Tuesday, July 21, 2009

U.S. Index of Health Ownership, 3rd edition

North Dakota tops, New York bottom of the barrel (for the third time in a row), in the latest edition of the U.S. Index of Health Ownership, which measures 24 variables of government interference in health care.

Monday, July 20, 2009

SCHIP's Race to the Bottom

The New York Times reports that 13 states have sought to bail out out their public-health bureaucracies by raiding taxpayers in the 37 other states. They have marched to the trough to take advantage of the SCHIP expansion signed by President Obama soon after he took office. (The newspaper didn't quite put it like that.)

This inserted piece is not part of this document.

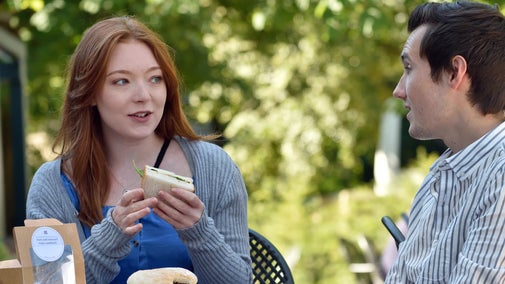 Visitors sat outside the cafe at Gibside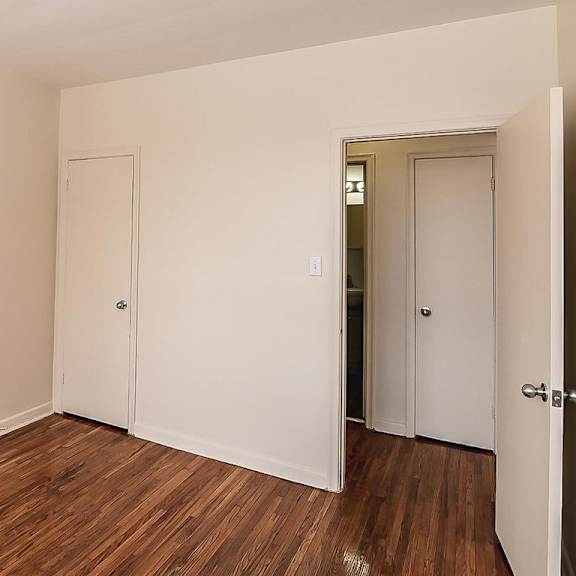 a room with two doors and a wooden floor.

SCHIP (State Children's Health Insurance Program), of course, creates a "race to the bottom" of government dependency because a state has to spend its own taxpayers' money to "prime the pump" that fills the trough with federal dollars. One silver lining to the cloud of recession is that most states simply do not have access to enough of their own taxpayers' funds to execute this raid.

We can all be thankful.

SCHIP expansion is popular, because it's "for the kids" and the expansion is primarilly financed by taxes on smokers. What the NY Times neglects to note is that SCHIP crowds out private coverage by at least 56%, which will get even worse as states enrol kids from higher-income households, as I've discussed before.

Furthermore, the Wall Street Journal notes a side effect of Government's unhealthy addiction to tobacco taxes - violent crime as states "go to war" on cigarette smuggling (which would not exist without discriminatory taxation).

We are effectively in an era of neo-prohibition, where governments' demonize smokers' peaceful habit in order to seize their earnings to fund a state take-over of children's access to medical services.

Thursday, July 9, 2009

Health Plan CEO for Governor of Massachusetts?

With an announcement that will certainly have implications for the national debate on health reform, Charlie Baker, the CEO of Harvard Pilgrim HealthCare, has announced that he is a candidate for the Republican nomination for governor of Massachusetts.

Gutsy move: He's a leader in the industry (health insurance) that 4 of 10 people believe is most responsible for increasing health costs, and "enjoys" a reputation as low as tobacco and oil companies.

More importantly, he was a key player in Governor Romney's reform that mandated universal health coverage, about which he was skeptical (as described very forthrightly in his blog, and about which I recently scribbled.) The media and voters are going to expect him to have some solutions to the health crisis.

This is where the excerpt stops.